El singular libro de Benoît Peeters tiene las características del diario, pero en lugar de consignar allí los avatares de una personalidad o los detalles de una existencia y sus reflexiones más bien se dedica a trazar todos los momentos de un largo proyecto: escribir la biografía de Jacques Derrida. Dicha biografía existe y se publicó al mismo tiempo que estos cuadernos que narran, además de la escritura de esa vida ajena, todos los encuentros, viajes, entrevistas y rechazos que preceden a la redacción del libro. Porque para escribir la vida de alguien, más allá de los archivos y las jornadas de búsqueda en fondos de bibliotecas, en cajas de correspondencia infinita, Peeters advierte que también hace falta vivir en la cercanía de esa ausencia: el objeto de la biografía está muerto (los cuadernos recuerdan que la biografía de un sujeto vivo siempre está al borde del fraude), pero tiene que vivir en la intensidad de su relato.

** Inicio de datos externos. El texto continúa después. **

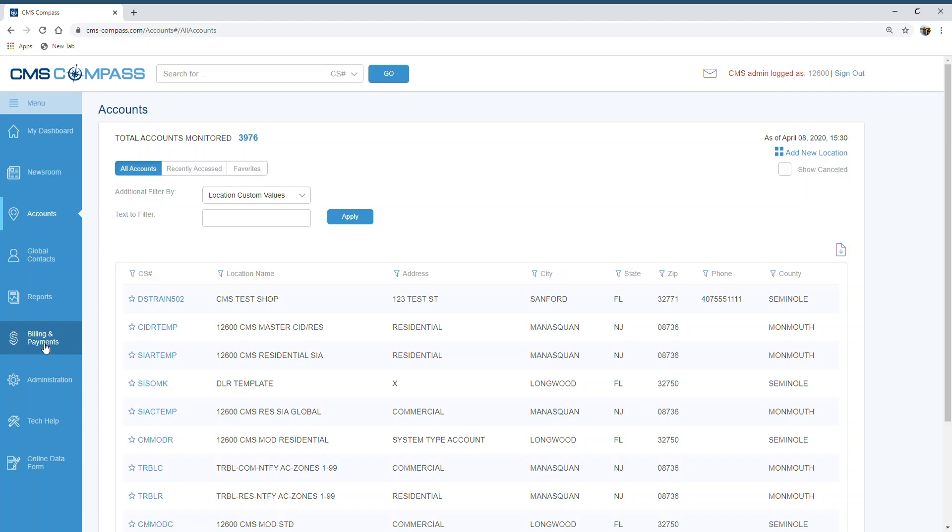Access is optional by user, so not all users need the Billing and Payments tab. To access it, click on the link. You will be taken to the Billing and Payments section of Compass.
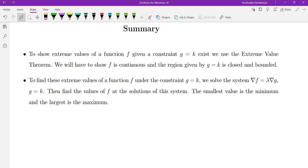To summarize, in this video we talked about the Lagrange multipliers theorem and worked through several examples. I'll see you in the next video.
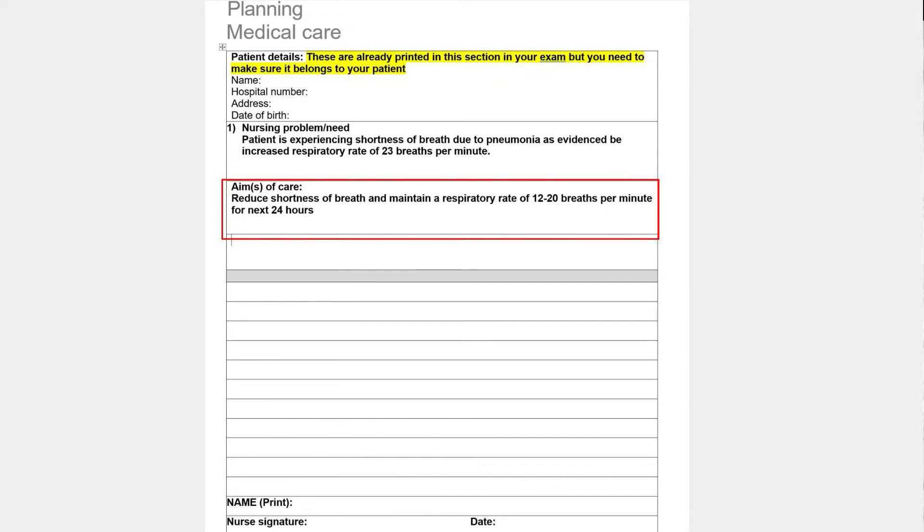The next section is aim of care. This is all about what you, as a nurse, are trying to achieve for your patient regarding that problem for the next 24 hours — what you want to achieve, not how. For example: 'I want to relieve shortness of breath and maintain a respiratory rate of 12 to 20 breaths per minute for the next 24 hours.' Write it very clearly.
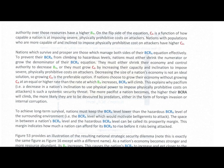To manage the BCRA equation effectively and prevent their BCRA from climbing to hazardous levels, nations must either shrink the numerator or grow the denominator of their BCRA equation — either shrink their economy and control authority to decrease benefit-to-attack, or grow their cost-to-attack by increasing their capacity and inclination to impose severe, physically prohibitive costs on attackers. Decreasing the size of a nation's economy is not an ideal solution, so growing cost-to-attack is the preferable option.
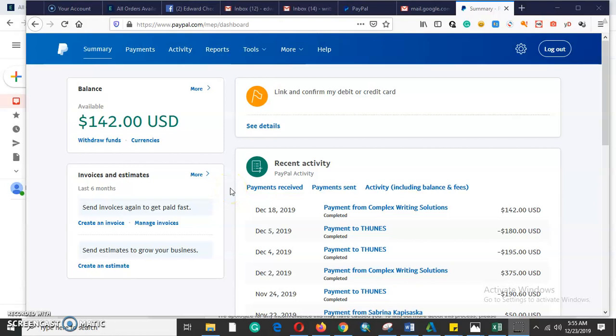Welcome to my YouTube channel, Lifestyle Tutorials. Today's topic of discussion is about PayPal — specifically, how to verify a PayPal account.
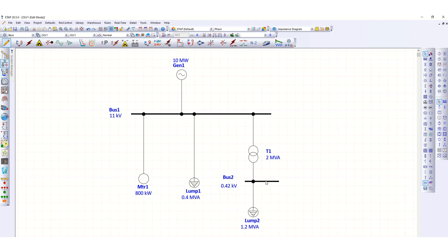Another way, which is the main topic today, is by changing the tap of the step down transformer. So here I have connected this 2 MVA transformer, 11 kV by 420 volt.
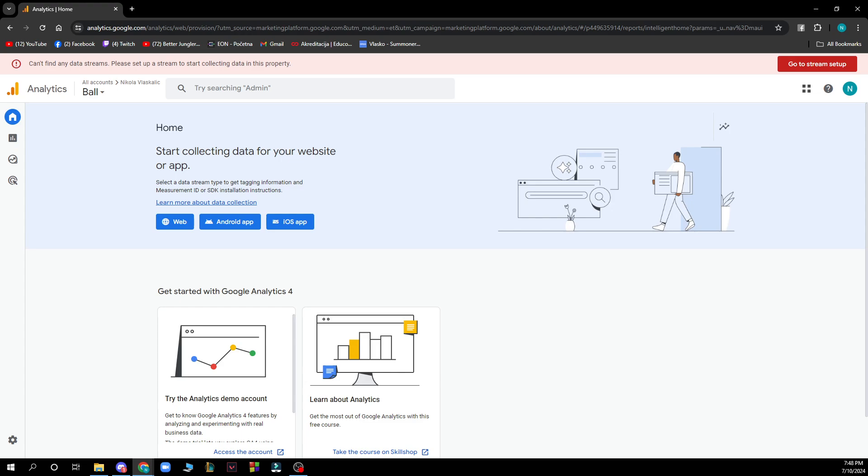Basically, what you need to do is remove the analytics tracking code from your web pages or from your app. That's the first thing you absolutely have to do to be able to delete your account.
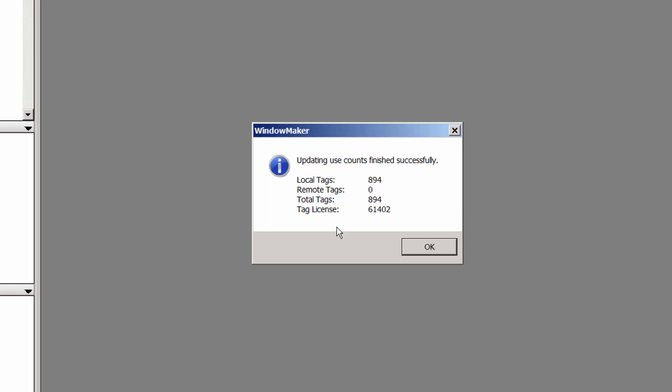The concept of remote tags means that my InTouch application may contain graphics, but the tags in the tag name dictionary do not exist here. They exist elsewhere in another application like a tag server. So in that scenario, we could possibly have remote tags. They too will count against your license.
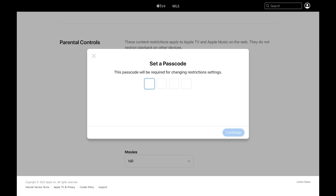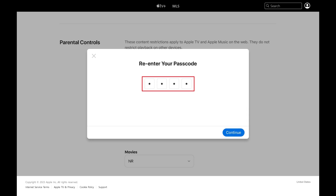A window will pop up prompting you to set a passcode. Step 4: Enter what you want to be your four-digit passcode. This passcode will be required for changing any content restriction settings going forward. Re-enter your four-digit passcode again when prompted, and then click Continue.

Tres años con Derrida le hace justicia entonces a su título, porque va mostrando, día a día, los hitos de un acercamiento que podríamos llamar patético, con un desvío etimológico, cargado de simpatía y de empatía, al sujeto de un imprescindible entusiasmo. Un relato de vida frío, basado sólo en archivos y documentos, colmado de referencias, datos y fechas, nunca podría alcanzar la calidez de las mejores biografías, que hacen revivir los momentos decisivos de alguien para otros y para sí mismo.

En este sentido, los atrapantes cuadernos de Peeters, a la vez que nos dejan entrever un modo de trabajo que es una manera de sentirse vivo, proponen igualmente, casi en cada entrada, una reflexión sobre el esquivo género de la biografía, sobre su ilusión de la vida ejemplar o de la existencia significativa, sobre su apego al nombre y al cuerpo de un autor. Por eso, la reflexión indaga en el deseo del biógrafo: ¿por qué escribe, por qué queda cautivo de una indagación apasionante y de un ser al que apenas conoció pero cuyas huellas insisten, proliferan, hablan en muchas bocas todavía?

Esta teoría de la biografía sería una de las virtudes filosóficas del diario de Peeters, pero tiene además virtudes literarias. No es posible dejar de leerlo. Aun sin conocer la vasta vida de Derrida que logró escribir y que se tradujo en su momento al castellano, aun sin haber leído todos los libros de Derrida, cuya legión podrá seguir aumentando sus filas con los años, estos tres, fechados entre 2007 y 2010, se leen con la codicia de lo desconocido, la intriga de saber cómo nuestro héroe abrirá la reticencia de un testigo o sustituirá su voz, cómo va a contar una infancia, una juventud, un éxito y una muerte. Pero no nos atraerán entonces, aunque el pensamiento lo diga para tranquilizarse, estas promesas ni sus relativos suspensos, sino antes bien el afecto, la ética de no escribir nunca sin pasión. Es la ética única del biógrafo que los cuadernos muestran antes de que la escritura suceda, y es lo que destaca Alberto Giordano en su prólogo: una vida excede toda huella, “¿qué otra cosa sería la deconstrucción?”, se pregunta el prologuista.

 

Benoît Peeters, Tres años con Derrida. Los cuadernos de un biógrafo, traducción de V. Tuset, prólogo de Alberto Giordano, Ubú Ediciones, 2020, 240 págs.